During the artist's lifetime, over 200 of her works were published in the form of postcards by the Sulamith Wülfing Verlag. A large-format book with forty color plates, The Fantastic Art of Sulamith Wulfing was edited by David Larkin. Published in 1977, the book is now out of print. During the 1980s, a series of limited edition commemorative plates featuring Wülfing's art were issued. Wülfing also created a series of illustrations for Hans Christian Andersen's story The Little Mermaid.

Early examples of collections of her illustrations include Der Mond ist aufgegangen (The moon has come up) (1933); Christian Morgenstern (1934); Die Truhe (The Chest) (1935); Der Leuchter (The Shining) (1936); Die Schwelle (The Threshold) (1937); and Die kleine Seejungfrau (The Little Mermaid) (1953).

The Larkin book, plates, and postcards are now collector's items, as are the original publications. However, some items featuring her artwork are still in print: boxed notecard sets, oracle decks, journals, a yearly calendar called Angel Spirits, and a few illustrated books including Nature Spirits and The Little Mermaid.

The books Angel Oracle and Maidens & Love by Sulamith Wulfing were published by Bluestar Communications.

==Influence on other artists==
Wülfing's work, named Der Kristall (The Crystal), inspired the artwork for the LP Every Good Boy Deserves Favour (1971) by the British band The Moody Blues.

Singer-songwriter Stevie Nicks has credited Wülfing's art with providing the inspiration for many of her songs, as well as the cover of her 1983 album The Wild Heart. During Nicks's 2005 Gold Dust Tour, some of Wülfing's work was displayed on the concert video screen.

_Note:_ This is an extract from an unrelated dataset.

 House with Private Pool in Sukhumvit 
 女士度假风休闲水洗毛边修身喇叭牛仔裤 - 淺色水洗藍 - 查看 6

In 1973 Pete Sinfield, former lyricist of progressive rock band King Crimson, used the painting Big Friend on the front cover of his first solo album Still. The illustration reflects his interest in the balance between fragility and power, clarity and illusion.

In 1980, Japanese rock band Novela used one of pictures from her Mermaid for their first LP's cover art.

Artist & dollmaker Marina Bychkova credits Sulamith Wülfing as her source of inspiration. Another artist whose work has been compared to Wulfing's is Feeroozeh Golmohammadi.